Hello Saul and Friends,
I’m a longtime MF member in my early 50s who recently discovered this excellent discussion board and have learned a great deal by reading the past few months worth of posts, so thank you so much for your ideas. I’ve been investing for 30 years and have been pursuing great companies (Mostly rule breakers) with a buy and hold strategy. I already owned many of the SaaS companies you all discuss here when I found this board.

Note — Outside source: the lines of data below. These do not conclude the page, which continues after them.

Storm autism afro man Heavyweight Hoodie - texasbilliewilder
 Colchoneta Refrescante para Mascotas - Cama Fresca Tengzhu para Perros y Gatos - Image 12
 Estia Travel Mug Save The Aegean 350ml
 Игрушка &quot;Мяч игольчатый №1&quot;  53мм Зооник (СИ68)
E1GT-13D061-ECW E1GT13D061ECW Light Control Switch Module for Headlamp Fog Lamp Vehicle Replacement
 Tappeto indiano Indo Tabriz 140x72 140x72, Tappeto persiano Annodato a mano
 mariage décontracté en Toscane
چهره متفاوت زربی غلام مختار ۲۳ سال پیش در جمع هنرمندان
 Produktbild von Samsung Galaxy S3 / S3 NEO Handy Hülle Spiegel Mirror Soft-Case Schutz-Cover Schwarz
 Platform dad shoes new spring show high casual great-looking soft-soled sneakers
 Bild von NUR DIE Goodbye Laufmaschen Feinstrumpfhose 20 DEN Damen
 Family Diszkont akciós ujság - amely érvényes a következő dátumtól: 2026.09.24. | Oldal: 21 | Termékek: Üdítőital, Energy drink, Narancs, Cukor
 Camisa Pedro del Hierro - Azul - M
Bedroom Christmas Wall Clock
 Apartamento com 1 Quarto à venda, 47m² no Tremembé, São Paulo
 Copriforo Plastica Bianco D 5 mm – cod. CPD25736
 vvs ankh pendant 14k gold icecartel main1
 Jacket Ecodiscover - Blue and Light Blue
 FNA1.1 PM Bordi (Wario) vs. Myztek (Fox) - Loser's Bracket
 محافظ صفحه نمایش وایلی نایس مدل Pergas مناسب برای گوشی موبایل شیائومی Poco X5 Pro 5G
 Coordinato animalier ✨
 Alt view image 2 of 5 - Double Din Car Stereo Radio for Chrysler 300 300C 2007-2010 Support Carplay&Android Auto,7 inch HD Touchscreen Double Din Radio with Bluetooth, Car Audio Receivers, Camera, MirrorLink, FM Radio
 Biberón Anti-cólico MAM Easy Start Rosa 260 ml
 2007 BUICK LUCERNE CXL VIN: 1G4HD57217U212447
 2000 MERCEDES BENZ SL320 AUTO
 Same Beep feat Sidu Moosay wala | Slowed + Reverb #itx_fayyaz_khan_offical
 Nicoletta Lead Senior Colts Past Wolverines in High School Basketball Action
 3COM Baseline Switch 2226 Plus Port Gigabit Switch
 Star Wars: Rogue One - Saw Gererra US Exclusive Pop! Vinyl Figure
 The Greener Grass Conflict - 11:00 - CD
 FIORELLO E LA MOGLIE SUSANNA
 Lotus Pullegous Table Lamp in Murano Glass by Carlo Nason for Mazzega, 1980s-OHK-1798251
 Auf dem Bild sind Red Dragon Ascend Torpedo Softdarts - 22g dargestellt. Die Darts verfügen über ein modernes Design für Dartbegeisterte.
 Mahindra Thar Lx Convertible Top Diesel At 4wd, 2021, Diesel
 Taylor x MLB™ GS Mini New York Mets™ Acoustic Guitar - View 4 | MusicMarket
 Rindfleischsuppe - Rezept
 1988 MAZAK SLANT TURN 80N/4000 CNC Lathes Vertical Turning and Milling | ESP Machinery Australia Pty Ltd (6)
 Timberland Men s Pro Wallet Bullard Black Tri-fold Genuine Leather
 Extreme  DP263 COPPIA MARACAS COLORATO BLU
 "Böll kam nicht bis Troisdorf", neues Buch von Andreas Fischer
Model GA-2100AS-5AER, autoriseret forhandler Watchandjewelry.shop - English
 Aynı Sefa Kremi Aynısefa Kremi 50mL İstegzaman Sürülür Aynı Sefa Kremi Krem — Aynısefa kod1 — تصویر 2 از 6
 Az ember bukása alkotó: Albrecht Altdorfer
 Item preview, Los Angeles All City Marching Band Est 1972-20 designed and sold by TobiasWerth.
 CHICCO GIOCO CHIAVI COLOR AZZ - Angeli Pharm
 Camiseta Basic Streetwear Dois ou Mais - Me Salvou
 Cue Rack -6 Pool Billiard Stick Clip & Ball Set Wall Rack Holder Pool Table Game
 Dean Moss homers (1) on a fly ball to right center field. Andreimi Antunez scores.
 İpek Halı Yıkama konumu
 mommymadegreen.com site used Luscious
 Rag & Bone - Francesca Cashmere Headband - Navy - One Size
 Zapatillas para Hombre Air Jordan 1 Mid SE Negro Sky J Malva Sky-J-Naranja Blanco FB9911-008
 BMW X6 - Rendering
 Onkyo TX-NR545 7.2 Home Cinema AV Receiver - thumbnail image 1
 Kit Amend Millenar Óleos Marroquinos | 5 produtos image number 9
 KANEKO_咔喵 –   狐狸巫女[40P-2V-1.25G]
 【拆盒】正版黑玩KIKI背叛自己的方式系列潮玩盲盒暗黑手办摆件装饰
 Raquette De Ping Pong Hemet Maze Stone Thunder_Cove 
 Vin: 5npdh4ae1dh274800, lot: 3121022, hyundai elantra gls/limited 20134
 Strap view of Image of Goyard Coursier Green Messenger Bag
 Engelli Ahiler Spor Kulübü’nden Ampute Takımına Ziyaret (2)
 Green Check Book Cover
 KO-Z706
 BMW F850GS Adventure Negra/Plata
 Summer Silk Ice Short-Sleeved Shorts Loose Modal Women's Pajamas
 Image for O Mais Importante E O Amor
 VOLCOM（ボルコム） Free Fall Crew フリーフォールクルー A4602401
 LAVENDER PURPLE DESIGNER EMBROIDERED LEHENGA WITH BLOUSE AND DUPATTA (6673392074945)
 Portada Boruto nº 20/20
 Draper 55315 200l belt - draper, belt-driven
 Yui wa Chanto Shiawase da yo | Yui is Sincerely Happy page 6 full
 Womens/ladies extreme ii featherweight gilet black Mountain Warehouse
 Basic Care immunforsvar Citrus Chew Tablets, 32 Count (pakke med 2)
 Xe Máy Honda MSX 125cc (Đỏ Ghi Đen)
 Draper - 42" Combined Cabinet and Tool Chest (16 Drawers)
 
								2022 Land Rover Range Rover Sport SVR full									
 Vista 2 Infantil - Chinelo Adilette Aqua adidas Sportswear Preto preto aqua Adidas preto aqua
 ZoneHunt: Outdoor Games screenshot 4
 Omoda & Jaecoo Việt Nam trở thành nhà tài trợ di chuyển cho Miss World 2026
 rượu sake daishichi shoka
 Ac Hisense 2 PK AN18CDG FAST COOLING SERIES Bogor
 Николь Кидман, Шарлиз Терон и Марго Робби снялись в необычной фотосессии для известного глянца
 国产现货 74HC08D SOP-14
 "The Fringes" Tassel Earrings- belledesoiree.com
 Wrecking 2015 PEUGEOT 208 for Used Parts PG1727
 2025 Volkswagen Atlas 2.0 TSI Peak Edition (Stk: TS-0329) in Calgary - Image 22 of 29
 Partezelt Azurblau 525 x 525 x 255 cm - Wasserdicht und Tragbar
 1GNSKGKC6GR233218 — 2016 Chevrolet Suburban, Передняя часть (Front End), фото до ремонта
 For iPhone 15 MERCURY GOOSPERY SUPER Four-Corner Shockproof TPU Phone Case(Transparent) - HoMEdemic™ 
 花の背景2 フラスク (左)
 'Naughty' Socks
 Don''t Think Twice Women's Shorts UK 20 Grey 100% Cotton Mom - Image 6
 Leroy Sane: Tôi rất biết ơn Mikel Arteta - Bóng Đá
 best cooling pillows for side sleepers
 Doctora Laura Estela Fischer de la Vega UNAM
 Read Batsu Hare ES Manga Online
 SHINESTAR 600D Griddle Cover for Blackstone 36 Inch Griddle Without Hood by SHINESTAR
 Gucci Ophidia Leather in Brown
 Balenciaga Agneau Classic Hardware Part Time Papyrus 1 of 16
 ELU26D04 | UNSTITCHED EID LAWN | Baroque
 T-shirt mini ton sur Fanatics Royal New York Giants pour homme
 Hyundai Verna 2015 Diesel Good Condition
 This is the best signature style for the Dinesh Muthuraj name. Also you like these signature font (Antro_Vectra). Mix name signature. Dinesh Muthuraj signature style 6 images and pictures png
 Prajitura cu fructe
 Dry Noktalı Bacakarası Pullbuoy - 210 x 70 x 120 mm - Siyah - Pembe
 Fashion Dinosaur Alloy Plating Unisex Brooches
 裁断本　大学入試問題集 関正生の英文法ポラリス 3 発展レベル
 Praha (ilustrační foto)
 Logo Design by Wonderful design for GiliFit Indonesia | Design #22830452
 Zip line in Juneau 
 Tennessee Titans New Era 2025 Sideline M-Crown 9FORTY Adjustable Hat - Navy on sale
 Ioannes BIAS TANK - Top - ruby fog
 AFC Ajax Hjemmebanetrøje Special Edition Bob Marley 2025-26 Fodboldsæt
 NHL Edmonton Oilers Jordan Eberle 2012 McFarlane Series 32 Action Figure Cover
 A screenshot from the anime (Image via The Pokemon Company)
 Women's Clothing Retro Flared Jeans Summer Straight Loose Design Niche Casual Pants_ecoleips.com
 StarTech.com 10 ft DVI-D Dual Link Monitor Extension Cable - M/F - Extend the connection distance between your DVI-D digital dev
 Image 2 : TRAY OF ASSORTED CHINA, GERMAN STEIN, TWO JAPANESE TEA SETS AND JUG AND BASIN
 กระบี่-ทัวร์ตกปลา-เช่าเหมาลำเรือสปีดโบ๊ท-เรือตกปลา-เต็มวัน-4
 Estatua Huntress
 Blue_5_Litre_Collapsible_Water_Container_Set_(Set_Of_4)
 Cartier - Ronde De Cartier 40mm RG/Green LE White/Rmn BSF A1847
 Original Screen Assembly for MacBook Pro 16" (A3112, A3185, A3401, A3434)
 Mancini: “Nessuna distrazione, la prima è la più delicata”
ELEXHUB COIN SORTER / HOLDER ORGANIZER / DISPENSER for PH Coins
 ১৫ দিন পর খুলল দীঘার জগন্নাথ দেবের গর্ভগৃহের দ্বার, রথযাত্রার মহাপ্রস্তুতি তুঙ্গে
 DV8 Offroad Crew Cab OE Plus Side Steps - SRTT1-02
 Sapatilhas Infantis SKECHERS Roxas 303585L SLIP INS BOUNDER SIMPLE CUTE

I know this board is focused on hypergrowth companies, but I’m curious as to whether you all think hypergrowth investing should be an “all or nothing” strategy. As someone who was burned badly by the 2000 dot-com bubble bursting, it seems very risky to invest 100% of a portfolio in hypergrowth companies. It seems to me like building a baseball team with all sluggers (HR or K) and nobody to get on base.
I’ve had my share of huge winners like AMZN, NVDA, NFLX, TSLA and ZM and also plenty of flameouts, and I realize how hard it is to find these hypergrowth companies since they are the true unicorns of the investing world. I can’t argue with the returns many of you are achieving, but do some of you feel it is ok to settle for some singles and doubles instead of always swinging for the fences?
For example, I own both TDOC and LVGO so today was a sad day for me in the near term as LVGO seemed to be a true hypergrowth company. At least for now though I am planning on keeping both of them and hoping that the combined company becomes a solid doubles hitter with less risk of striking out, with the possibility of growing into a juggernaut over time. I would consider a 3x gain in TDOC going forward over 2-4 years to be a win, even though recency bias would suggest that isn’t a spectacular return compared to 2020 results so far in most of the stocks discussed here.
Sorry for the long post but I’m just trying to reconcile these exciting things I’ve learned from this board with 20+ years of Motley Fool investing philosophies.
Thank you so much for your ideas and input!